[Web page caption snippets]
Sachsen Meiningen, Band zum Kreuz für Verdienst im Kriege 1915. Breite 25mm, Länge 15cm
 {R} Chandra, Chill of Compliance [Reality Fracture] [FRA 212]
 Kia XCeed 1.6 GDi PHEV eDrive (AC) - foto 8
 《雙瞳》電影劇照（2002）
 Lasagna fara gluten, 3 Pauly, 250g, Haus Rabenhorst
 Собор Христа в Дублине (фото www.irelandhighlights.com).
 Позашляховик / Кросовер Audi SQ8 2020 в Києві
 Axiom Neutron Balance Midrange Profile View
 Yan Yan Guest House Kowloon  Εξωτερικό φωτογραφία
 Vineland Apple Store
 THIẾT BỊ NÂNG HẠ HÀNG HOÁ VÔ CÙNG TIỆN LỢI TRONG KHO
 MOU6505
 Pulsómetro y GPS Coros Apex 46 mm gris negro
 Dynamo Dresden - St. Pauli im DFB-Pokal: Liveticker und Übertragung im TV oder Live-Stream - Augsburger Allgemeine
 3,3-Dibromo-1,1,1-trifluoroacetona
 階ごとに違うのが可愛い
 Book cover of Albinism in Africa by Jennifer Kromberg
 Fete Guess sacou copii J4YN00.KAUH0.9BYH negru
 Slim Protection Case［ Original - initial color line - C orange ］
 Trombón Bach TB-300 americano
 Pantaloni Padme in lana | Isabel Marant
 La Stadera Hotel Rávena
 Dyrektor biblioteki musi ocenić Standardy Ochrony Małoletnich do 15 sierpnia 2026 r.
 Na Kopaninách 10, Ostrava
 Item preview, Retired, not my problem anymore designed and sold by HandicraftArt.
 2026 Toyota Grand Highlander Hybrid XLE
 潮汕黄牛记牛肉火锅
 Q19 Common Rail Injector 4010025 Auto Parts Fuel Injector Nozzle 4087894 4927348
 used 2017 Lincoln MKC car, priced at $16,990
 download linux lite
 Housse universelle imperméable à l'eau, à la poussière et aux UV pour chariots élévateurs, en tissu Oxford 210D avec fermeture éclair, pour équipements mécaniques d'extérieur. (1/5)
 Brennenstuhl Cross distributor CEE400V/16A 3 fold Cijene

▶ [THE PROBLEM] Quote the data above from the line containing "Axiom Neutron Balance Midrange Profile View" to the line containing "Book cover of", inclusive, and stop.

▶ [ANSWER TO THIS PROBLEM]
 Axiom Neutron Balance Midrange Profile View
 Yan Yan Guest House Kowloon  Εξωτερικό φωτογραφία
 Vineland Apple Store
 THIẾT BỊ NÂNG HẠ HÀNG HOÁ VÔ CÙNG TIỆN LỢI TRONG KHO
 MOU6505
 Pulsómetro y GPS Coros Apex 46 mm gris negro
 Dynamo Dresden - St. Pauli im DFB-Pokal: Liveticker und Übertragung im TV oder Live-Stream - Augsburger Allgemeine
 3,3-Dibromo-1,1,1-trifluoroacetona
 階ごとに違うのが可愛い
 Book cover of Albinism in Africa by Jennifer Kromberg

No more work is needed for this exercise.